OPINION

CRITICAL MASS: Finding the thread — Wilco’s ‘Yankee Hotel Foxtrot’ hits 20th anniversary

The core members of Wilco: Leroy Bach, Glenn Kotche, John Stirratt and Jeff Tweedy. (Special to the Democrat-Gazette)
The core members of Wilco: Leroy Bach, Glenn Kotche, John Stirratt and Jeff Tweedy. (Special to the Democrat-Gazette)
  • "Everything is recycled and rerun and comes back — first as camp, later as classic."
  • — the Arkansas Democrat-Gazette, on Wilco's "Yankee Hotel Foxtrot," April 2002

It is not Wilco's fault we live in the time we live in, this time of instant gratification and auto-tune. If we're being fair, maybe pop music these days is what pop music should have always been, a sonic wallpaper we plaster over what Walker Percy called the "everyday" of our existence.

Sure, people still care and artists still "art," but these days it seems silly to wish for an album that might change the world. Albums aren't the point anymore, and though it feels like a churlish-old-man thing to say, neither is the music.

The music has always been — at least since they figured out how to trap, kill and commodify it — more lifestyle product than anything else. While we can argue that rock 'n' roll is more cultural practice than musical genre, once the marketers get hold of anything they can distill down to a cool vibe, all the potential for authentic experience slides to the periphery.

Our economy is big enough to sustain a few genuine outsider artists like Dan Bern and Terry Allen and dozens if not hundreds of midlevel acts like Lucinda Williams and Iris DeMent, but those artists have to work hard at it, to make money by, as James McMurtry puts it, selling beer to nightclub patrons rather than by selling records.

Who buys records anymore, anyway? (Ironically, judging from personal experience, old rock critics — who never paid for albums in the '70s, '80s or '90s — might account for a sizable amount of the market.)

We've arrived at the 20th anniversary of the release of "Yankee Hotel Foxtrot," Wilco's fourth and probably best album, though like almost everyone else, I lost the thread shortly thereafter. While I've listened to all and enjoyed most of the records Wilco has put out in the past 20 years, the truth is they run together on me and I suspect on the band too. "Wilco Schmilco" they called one of them.

Still, they were at one point my favorite American band — they filled the gap between Tom Petty's Heartbreakers (R.E.M. might have held the title for a year or two) and the Drive-By Truckers. I still love "A.M.," "Being There," "Summerteeth" and "Yankee Hotel Foxtrot."

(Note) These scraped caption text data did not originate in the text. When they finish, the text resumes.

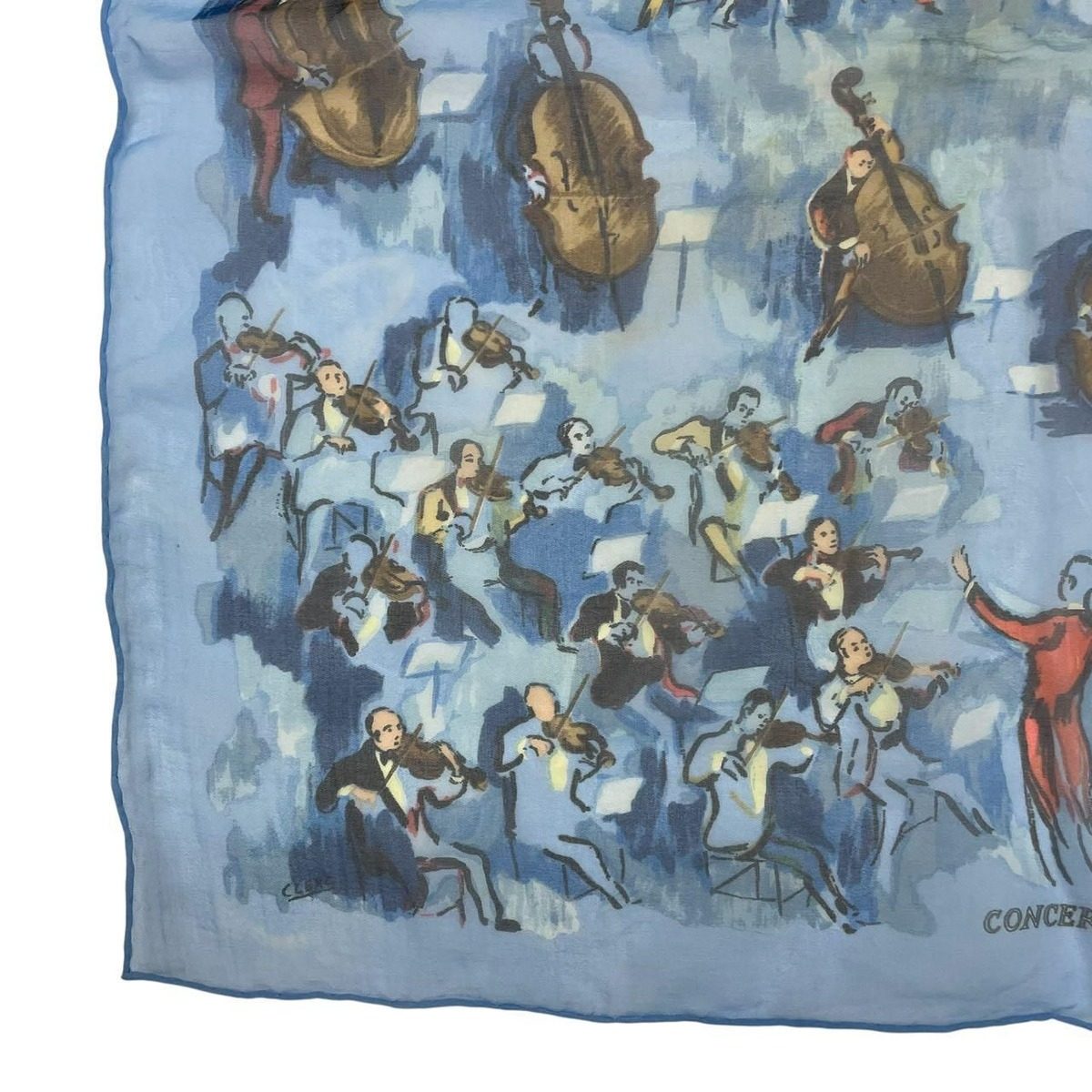 Hermes Silk Scarf Concerto Blue — view 5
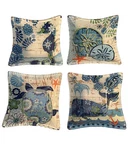 Square Glass Bowls Sea Life Designs Set Of 4 By Prima Teal Modern Beach Themed. Fixed Price $22.87.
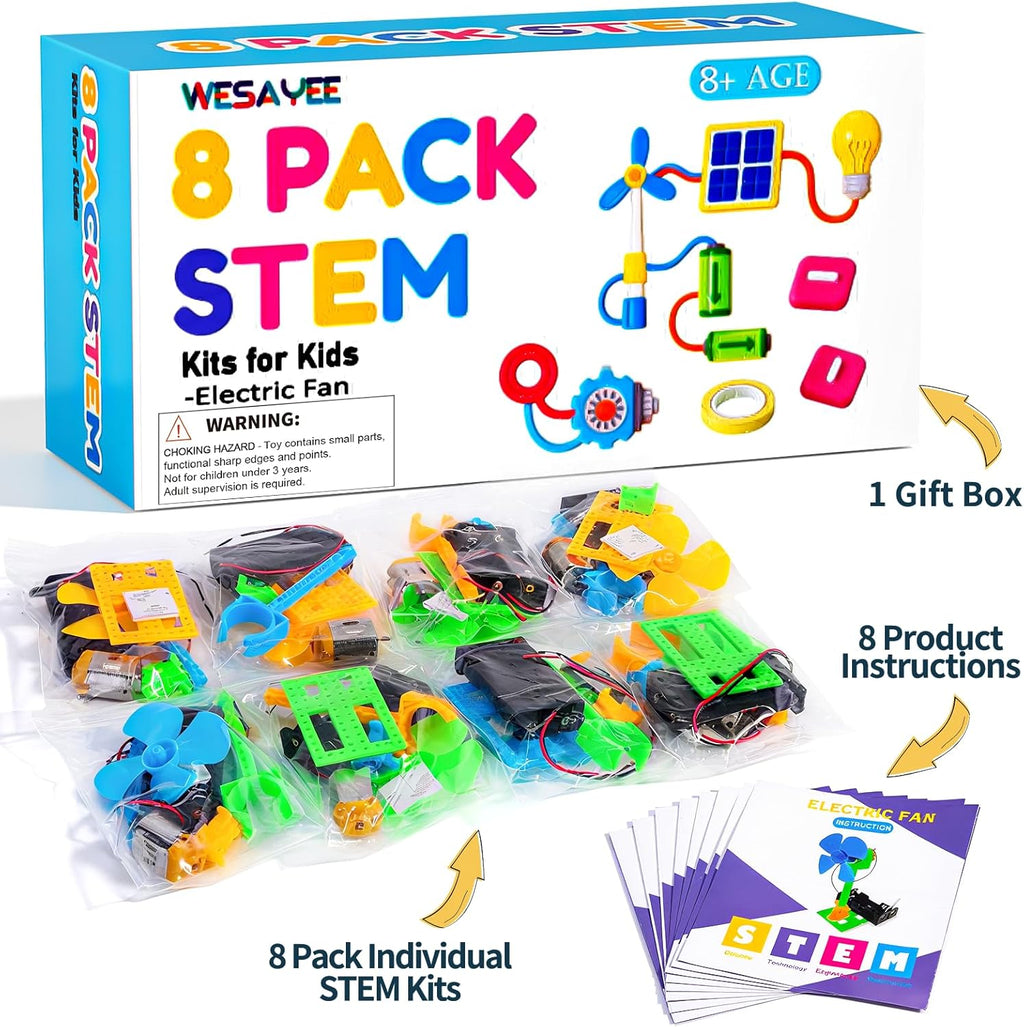 Bulk STEM Kits - 8 Set Electrical Fans, Girls Boys Crafts Science Kits for Kids Age 8-12, STEM Toys for Boys 8-10 8 10 12 13 Classroom, Engineering Activities Experiments Projects Circuit
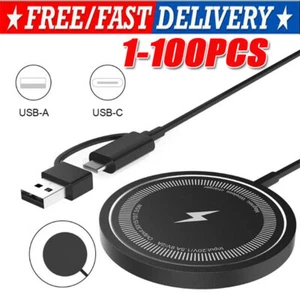 15W Magnetic Fast Wireless Charger Pad For SamsungS24 Ultra iPhone 16 15 Pro LOT - Picture 1 of 17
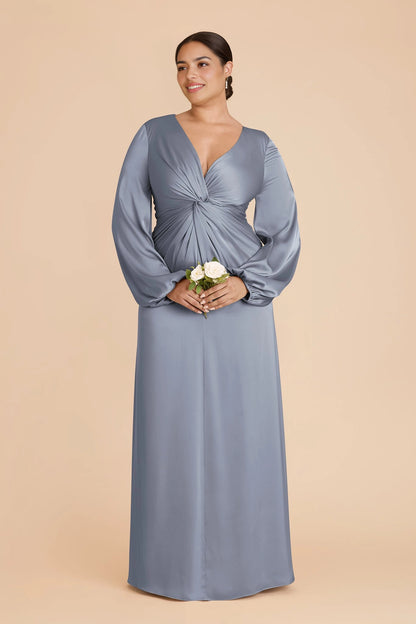 Elegant Plus Size A-Line V-Neck Bishop Sleeve Zipper Back Maxi Bridesmaid Dress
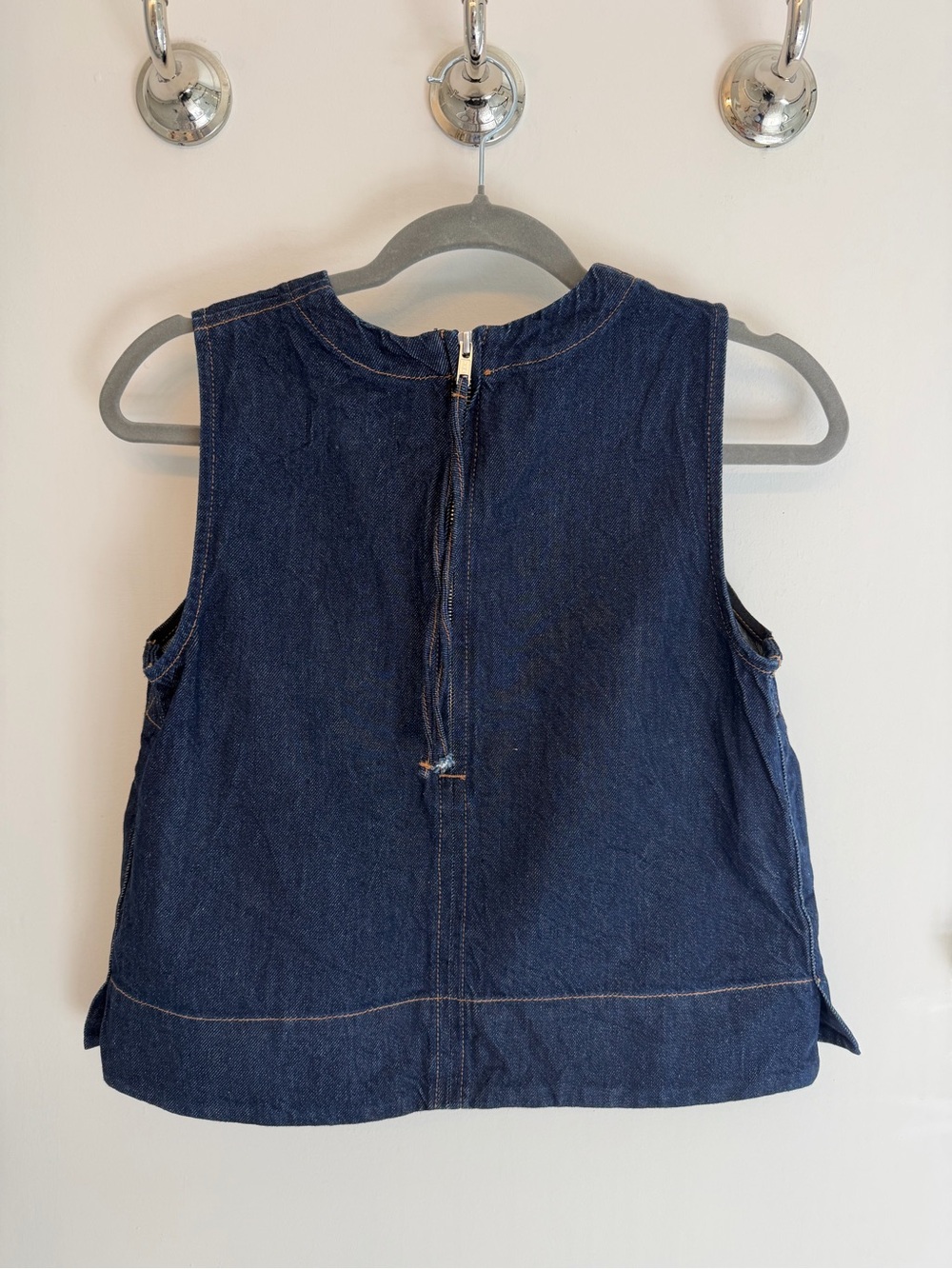 Madewell Dark Indigo Denim Crop Top with Contrast Stitching - Picture 2 of 3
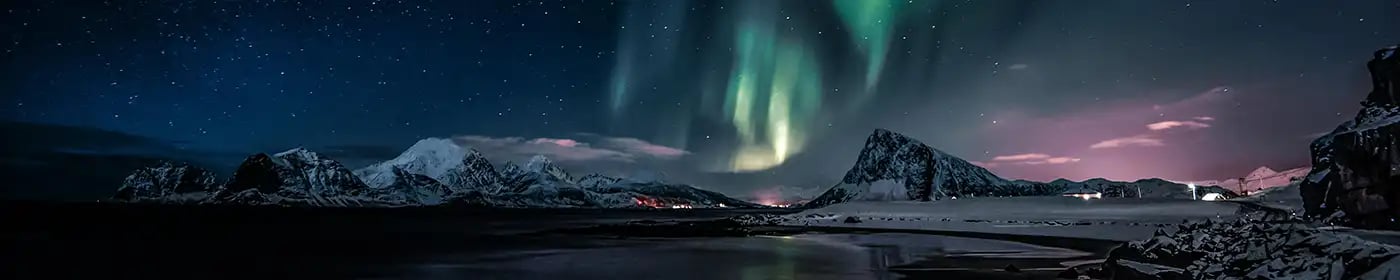 panorama of northern lights in Iceland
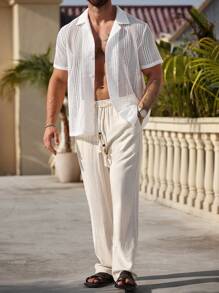 Camicia casual da uomo estiva con design traforato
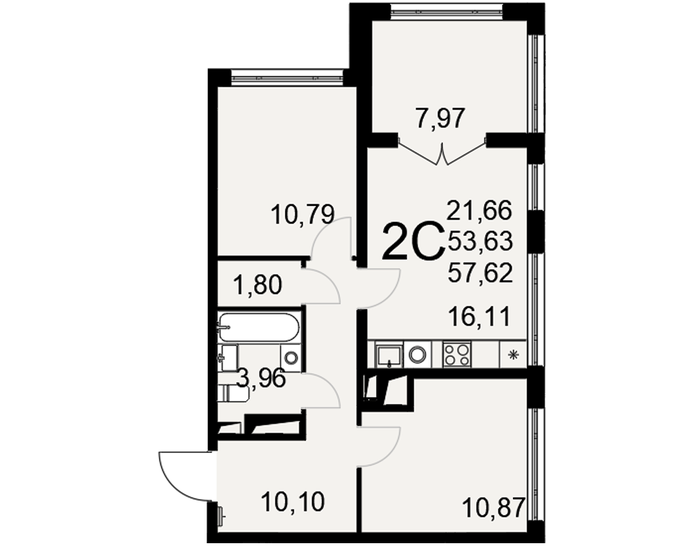 57,3 м², 2-комнатная квартира 6 358 080 ₽ - изображение 7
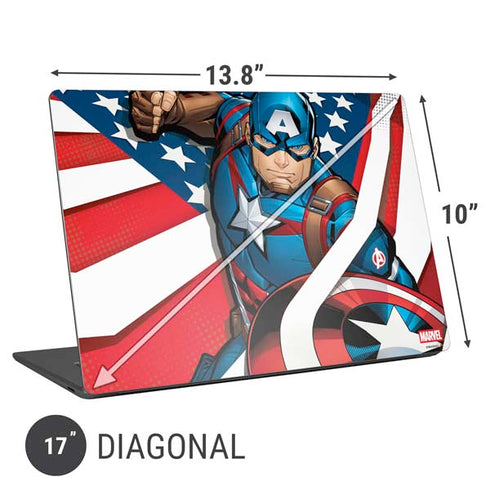 Marvel Captain America Action Pose Universal Laptop 17in (13.8 x 10in) Skin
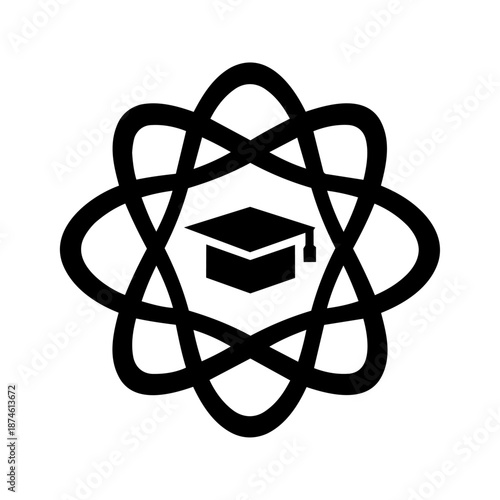Science and education symbol showing a graduation cap inside orbital paths, representing knowledge, research, and learning success.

I enjoy a lot of Jeff Tweedy's work and would love to catch his acoustic solo set sometime. I feel kindly toward Wilco. It's just that every album since 2004's "A Ghost Is Born" has gone straight to my digital library. I don't listen the way I used to.

Something crucial went out of the band in 2001 when they jettisoned the late Jay Bennett, who for a time competed with Tweedy to be the band's chief creative engine. If you've seen Sam Jones' brilliant 16mm black-and-white documentary "I Am Trying to Break Your Heart, " a film about the band and their struggles completing "Yankee Hotel Foxtrot," you probably understand why the break was necessary.

Bennett and Tweedy were incompatible as creative partners. Bennett was an overbearing obsessive; Tweedy was a conflict-averse migraine sufferer. Continuing to work with Bennett could have killed Tweedy.

Not getting to work with Tweedy might have killed Bennett, who died of an accidental fentanyl overdose in 2009. (Gorman Bechard and Fred Uhter's documentary "Where are you, Jay Bennett?," released earlier this year, in part grew out of the desire to rehabilitate Bennett's image, which the filmmakers believed had been unfairly damaged by Jones' film.)

Still, for whatever reason, the Wilco I love best is the Tweedy/Bennett version, which had its ultimate expression in "Yankee Hotel Foxtrot."

I AM TRYING TO BREAK YOUR HEART

One of the markers about how times have changed is that when "Yankee Hotel Foxtrot" was released in April 2002, this newspaper ran a 2,000-word review. It's hard to imagine an album by any artist — Beyonce, Lizzo, Billie Eilish — commanding that sort of attention in a general interest publication today.

  photo  The cover of new Wilco box set (left) and the original 2001 cover of the album.  Even before it was officially released, "Yankee Hotel Foxtrot" was a digital hit.

When the band presented the finished album to its record company Reprise — a division of Warner Music Group that had been founded by Frank Sinatra in 1960 (Sinatra's role at Reprise led to his nickname "The Chairman of the Board") — the executives didn't know what to make of it. They deemed it an unreleaseable career-ender.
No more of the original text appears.